Law Will Pass “Only Over our Dead Bodies”
Activists believe the law was brought for discussion by parliament at this time because they believed protests would be muted due to fears of gathering outside as the number of cases of COVID-19 infections is rising rapidly.
“They took advantage of the coronavirus pandemic in order to intimidate the people to not come back to the streets and protest against this act… They thought that they could take advantage of the current health measures because some people could get contaminated and won’t be able to come down to the streets and protest,” Douzi said.
There are now some indications the law may not pass in its original form. One possibility Ben Jouira pointed to is that it may get tacked onto another law relating to a state emergency law scheduled to be discussed in parliament soon.
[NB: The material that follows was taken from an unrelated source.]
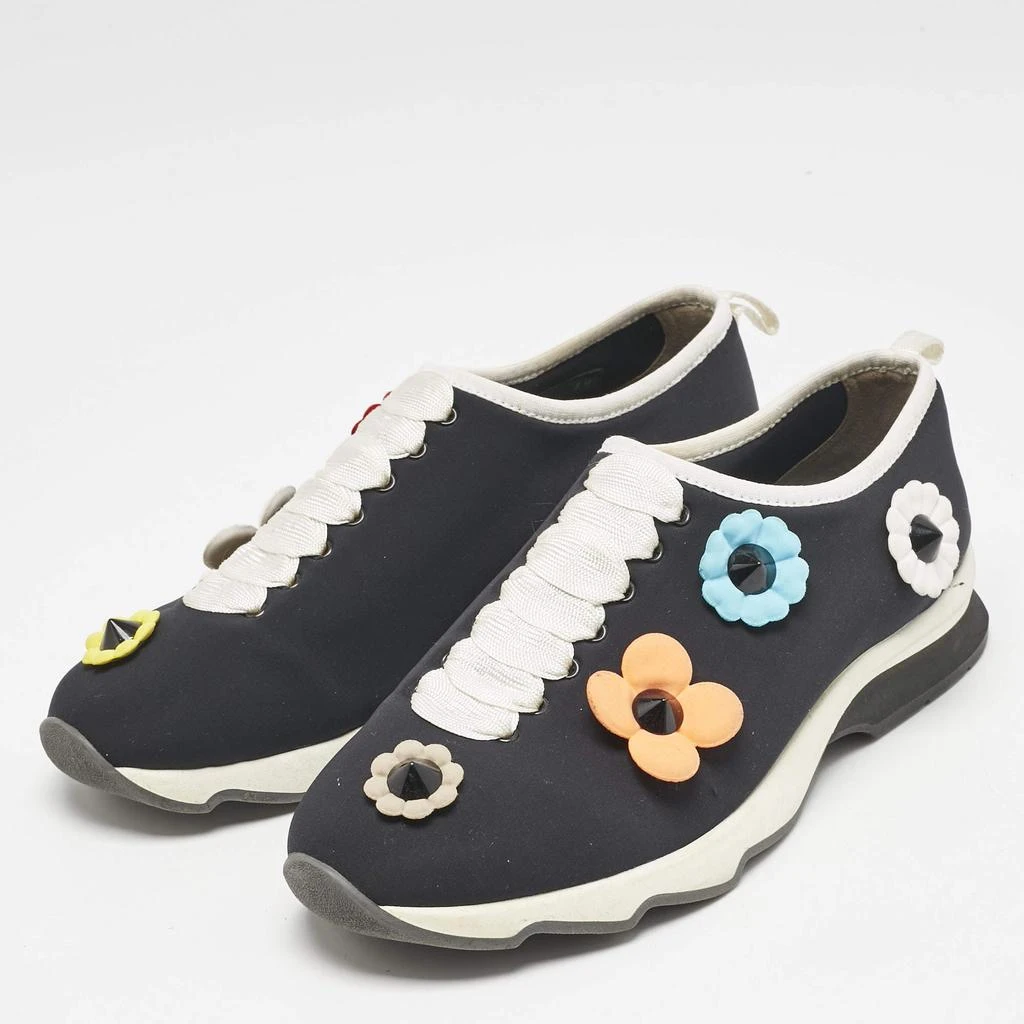 Fendi Fendi Black Neoprene Flowerland Slip On Sneakers Size 39 2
But Ben Jouira said Hasebhom is planning to protest that law as well, adding that it “is not less dangerous and less oppressive than this one.”
“We are coordinating with national organizations in this regard, and will say no to all of these laws, even if this one is adjourned, we are still in the streets and in contact with MPs and we will keep putting pressure as much as we can,” Ben Jouira told Meshkal/Nawaat.
A statement issued on October 5 and signed by more than 20 prominent Tunisian civil society organizations, condemned the current police immunity draft law 25-2015, calling it a threat to the achieved human rights progress and a blow to freedom in the country.
“I want to put an emphasis on the danger that this law presents, if this law passes within a parliamentary accord, we will no longer have what we call a democratic Tunisia,” Douzi added.
For activist Ayadi, his detention by police hasn’t dampened his strong opposition to the law.
“This law will not pass, only over our dead bodies,” he said.